* [Records]
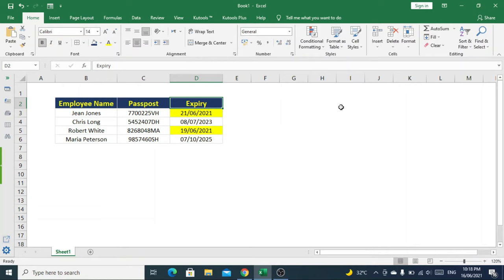Hi, in this video we'll see how to set reminders for document expiry dates in Excel.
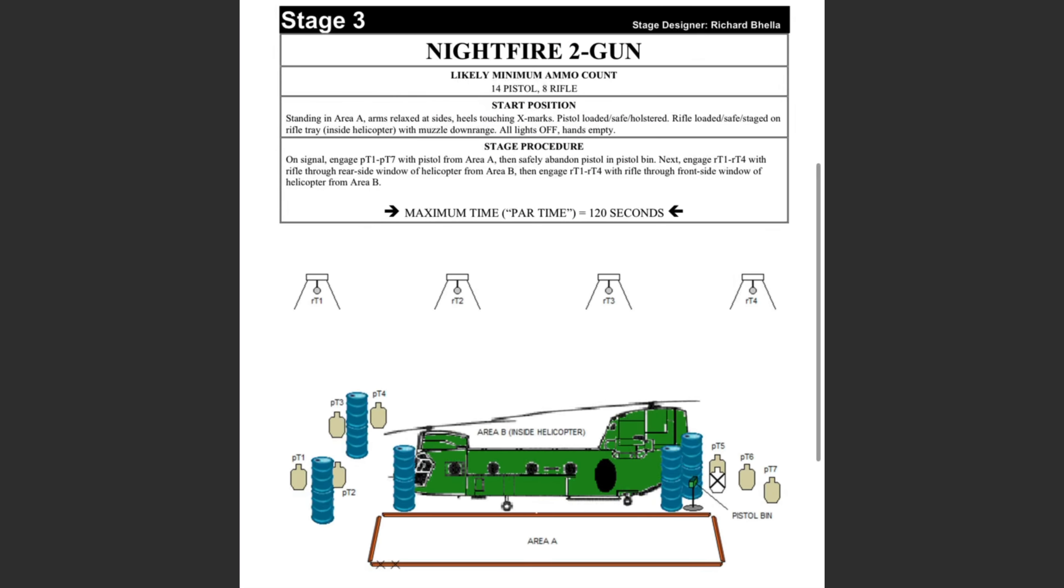On this stage, there are seven paper targets outside the chopper to be engaged with a handgun. The shooter grounds the handgun, retrieves the rifle inside the chopper, and engages the four hanging plates at 50 yards from two different positions.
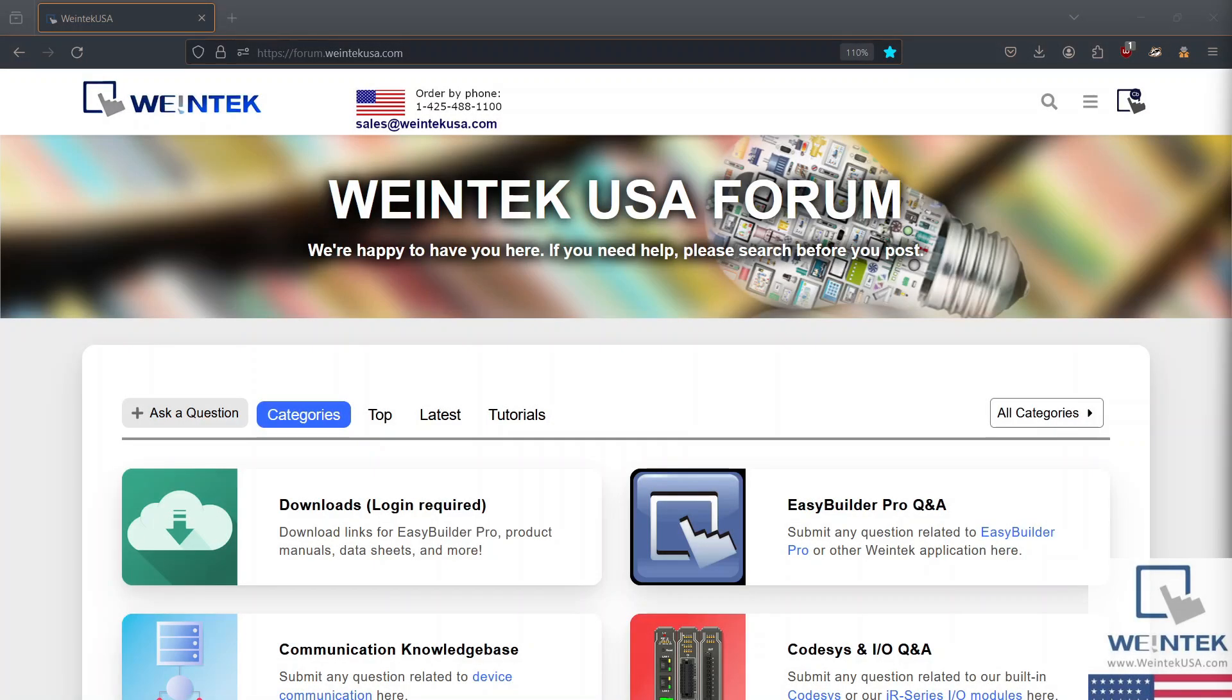Hey Wintech Warriors! Today we're going to cover multi-language capabilities within EasyBuilder Pro. So fasten your seatbelts, it's going to be a wild ride!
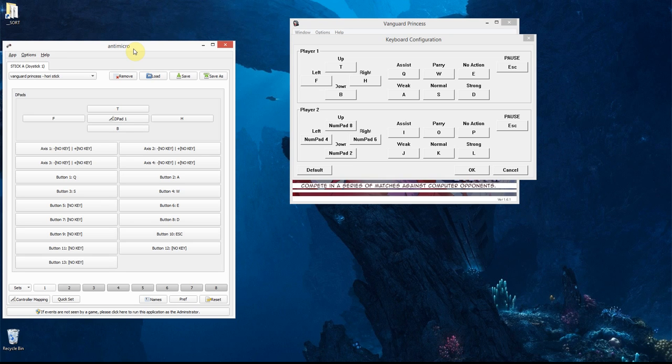This is a quick look at AntiMicro, an excellent tool that allows you to map your joystick movements and buttons to keys on the keyboard. It's open source, so totally free and definitely worth trying if you're looking for something like this.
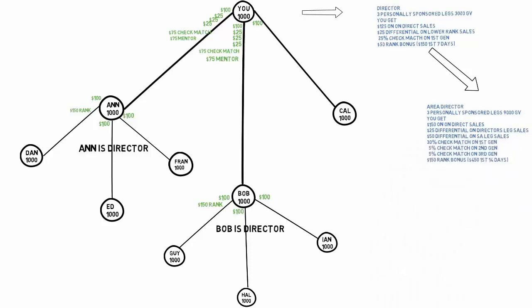You now receive $150 on direct sales, a $25 differential on director leg sales, $50 differential on sales associate leg sales, 30% check match on first generation, 5% on second generation, 5% on third generation, and a $150 rank bonus. If you did this in the first 14 days, you receive $450.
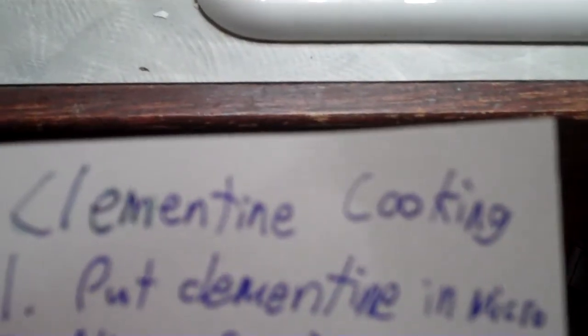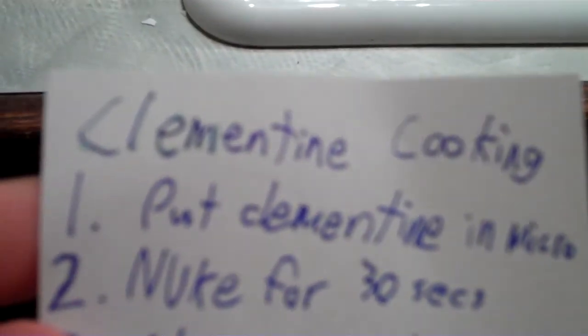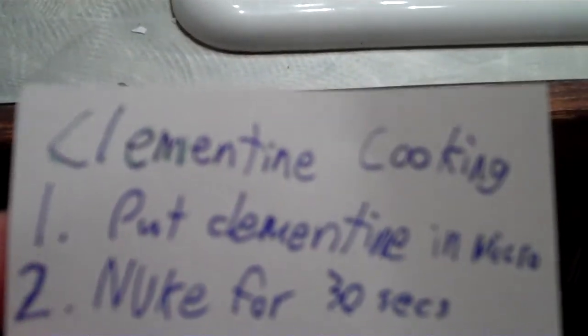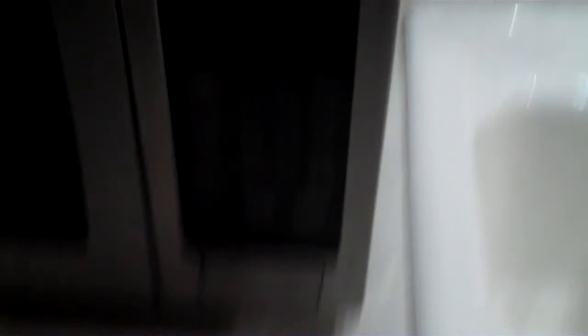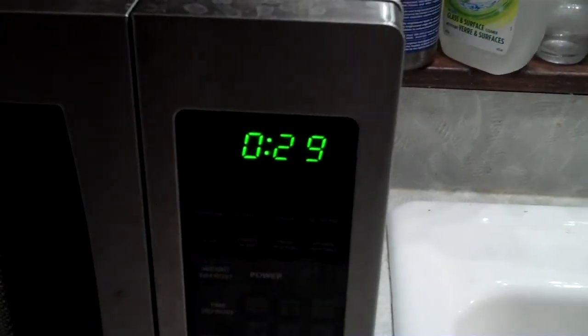Let's see here. Okay, that's done. Nuke for 30 seconds. 30 on the clock.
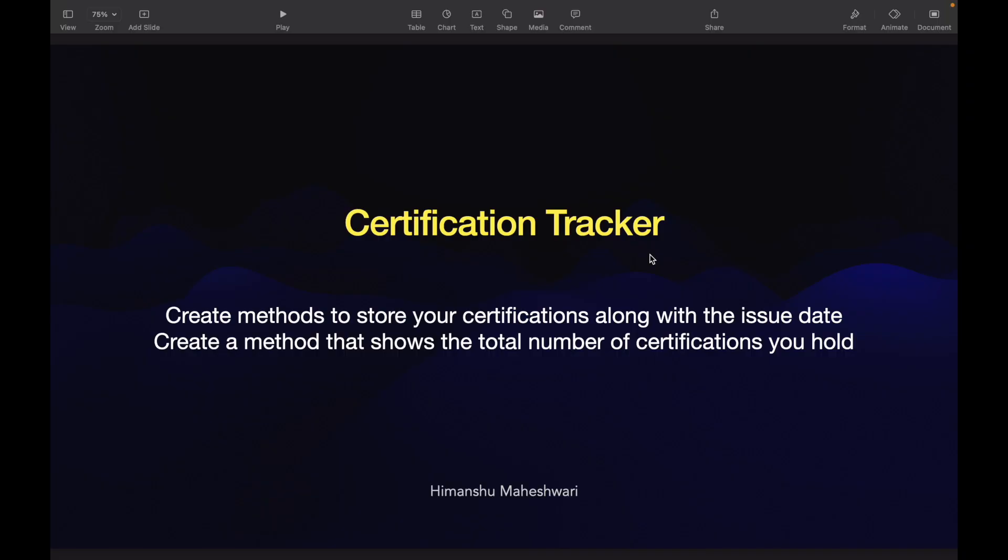Welcome back to another video of Salesforce Makes Sense. This is our Apex Developer Master Class, and in this video we'll continue understanding and practicing with some Apex practice questions. For this particular use case, we will understand how to create a certification tracker.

* [Your objective] Restate the records above in full and word for word, but do not carry over any pictures.

* [Answer to this task]
Hi, in this video we'll see how to set reminders for document expiry dates in Excel.
On this stage, there are seven paper targets outside the chopper to be engaged with a handgun. The shooter grounds the handgun, retrieves the rifle inside the chopper, and engages the four hanging plates at 50 yards from two different positions.
Hey Wintech Warriors! Today we're going to cover multi-language capabilities within EasyBuilder Pro. So fasten your seatbelts, it's going to be a wild ride!
This is a quick look at AntiMicro, an excellent tool that allows you to map your joystick movements and buttons to keys on the keyboard. It's open source, so totally free and definitely worth trying if you're looking for something like this.
You now receive $150 on direct sales, a $25 differential on director leg sales, $50 differential on sales associate leg sales, 30% check match on first generation, 5% on second generation, 5% on third generation, and a $150 rank bonus. If you did this in the first 14 days, you receive $450.
Let's see here. Okay, that's done. Nuke for 30 seconds. 30 on the clock.
Welcome back to another video of Salesforce Makes Sense. This is our Apex Developer Master Class, and in this video we'll continue understanding and practicing with some Apex practice questions. For this particular use case, we will understand how to create a certification tracker.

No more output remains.